Ad ogni modo, Il duplice fallimento di Vendola come di Ingroia rientra nella tendenza all’estinzione dei partiti identitari che sempre più lasciano spazio ai partiti programmatici che racchiudono in sé diverse anime unite da medesimi obiettivi e finalità concrete. Arginata l’emorragia dell’elettorato più marcatamente di sinistra, il PD ha invece perso voti in favore del Movimento 5 Stelle, reo di aver fagocitato l’elettorato dell’Italia dei Valori ed aver attirato anche un considerevole numero di democratici delusi (i maggiori sondaggisti attribuiscono infatti al centrosinistra l’area di maggior provenienza degli elettori Grillini). Beppe Grillo difatti, non ha solo riempito la piazza di San Giovanni a Roma, conquistando simbolicamente una ex-roccaforte del progressismo, ma si è anche sostituito alla sinistra, oltre che nelle piazze, nei luoghi dove più si annidano il disagio sociale e la disperazione figlie di questa crisi, come l’ILVA di Taranto. Per quanto riguarda il rapporto con il centrodestra guidato da Silvio Berlusconi, il PD è passato dalle posizioni di rincalzo delle campagne elettorali precedenti alla sottovalutazione di questi mesi. Per cui, se nel ventennio berlusconiano il centrosinistra era, molto spesso a prescindere, contrario alle proposte del Cavaliere (no al Presidenzialismo, no al federalismo fiscale, no alla riforma della giustizia, no al ponte sullo stretto ecc…), nelle elezioni 2013, Bersani e co, hanno deciso erroneamente di snobbare l’ex-Premier, non contrastando a dovere le sue proposte (una fra tutte, il sopracitato e celeberrimo rimborso dell’IMU) ritenendolo un avversario già sconfitto.

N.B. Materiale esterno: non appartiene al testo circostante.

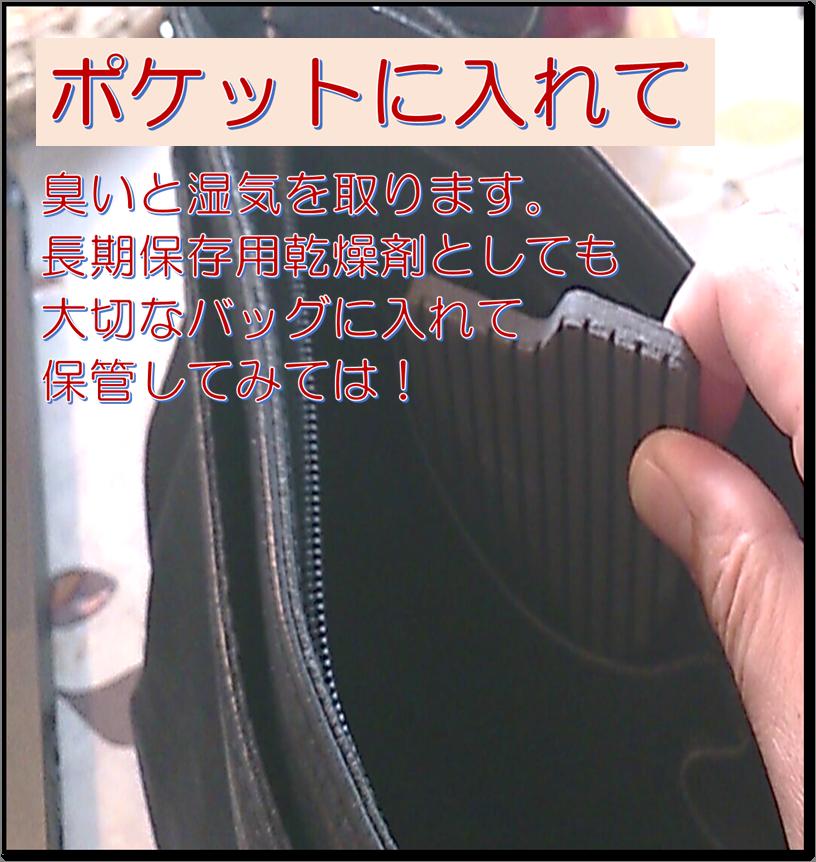 バッグ・鞄用脱臭除湿剤【活性炭・シリカゲル入ボード】×【2個】【送料150円】【カバンに入れて臭い湿気を長期間防ぐ、20gと軽い】 バッグ ブランドバッグ ショルダーバッグ ポーチ 革製品 金具 バンド シャネル ルイビトン エルメス レディース 財布 毛皮 合皮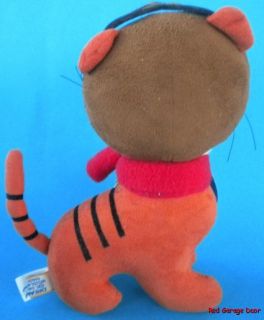 Dakin Dream Pets Flying Tiger Applause Velveteen 7 Stuffed Animal Toy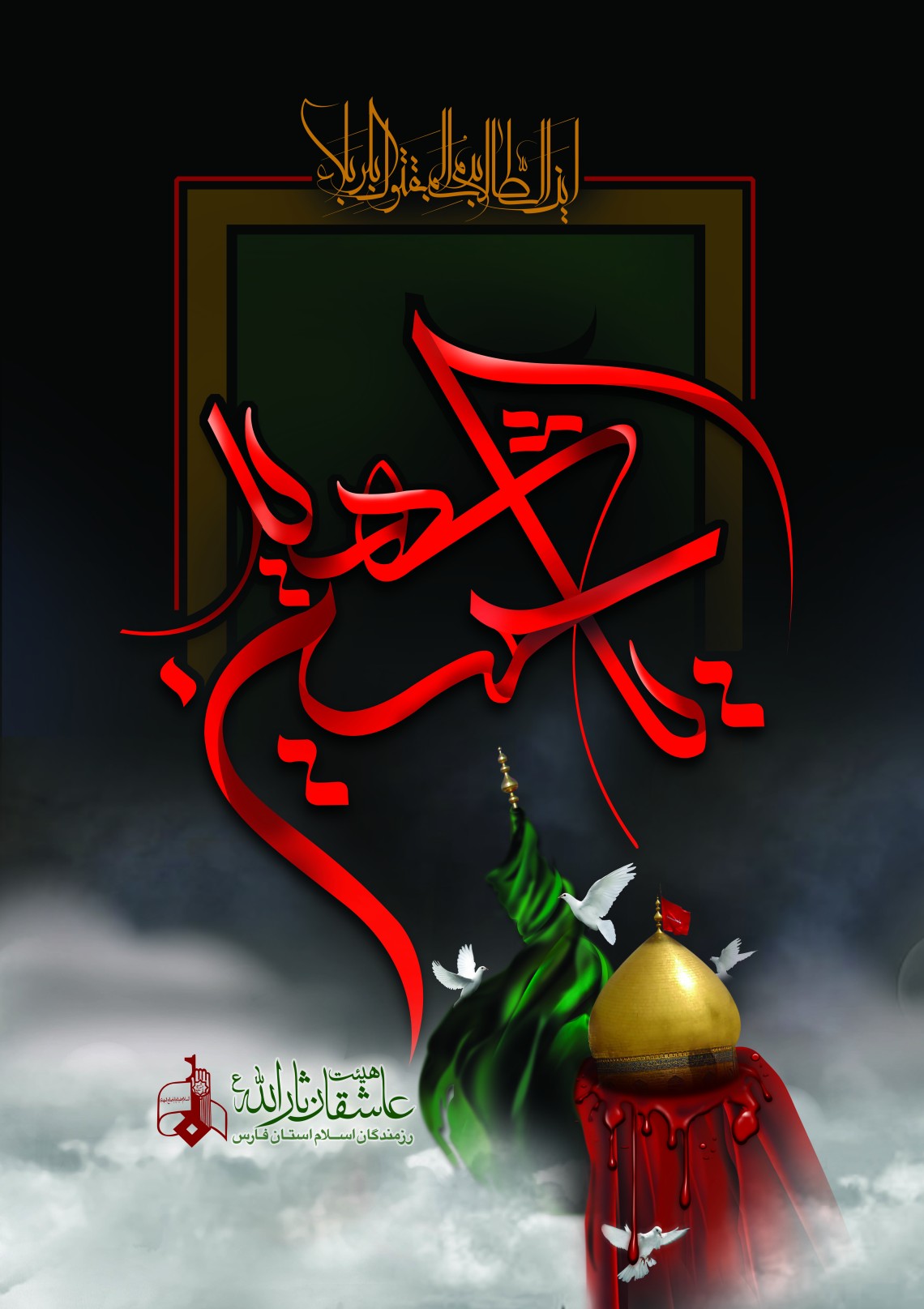 سوگواره سوم-پوستر 38-مریم ابراهیمی-پوستر عاشورایی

Errore fatale, anche perché Berlusconi è riuscito a convincere molti elettori della veridicità dell’accordo Bersani-Monti dopo le elezioni, mettendo in evidenza i contrasti tra i rispettivi programmi e quindi l’impossibilità di accordarsi per le radicali riforme di cui il Paese necessita. Dobbiamo infatti ripeterci che la nostra identità non è un’identità sostanzia statica come dire “assicurata dall’origine alla fine”, ma è una identità dinamica che noi, di volta in volta, ricostruiamo biograficamente e che ha a che fare con la nostra capacità di volta in volta di scegliere, di scegliere una cosa anziché un’altra, di cambiare, di farci contaminare anche dalle identità altrui, diverse , ed è quello che il Partito Democratico deve ricominciare a fare.
L’impressione è che la sinistra ha un problema di posizionamento quando il gioco si fa duro, perché non riesce a cavalcare i cambiamenti che auspica, i movimenti che accende e non riesce a interpretare bene le svolte del paese. Sembra quasi che la sinistra italiana riesca solo a muoversi sul piano dello status quo. Queste ragioni ci hanno fatto andare incontro ad una clamorosa e cocente sconfitta elettorale e politica della sinistra italiana ben peggiore di quella del 1994.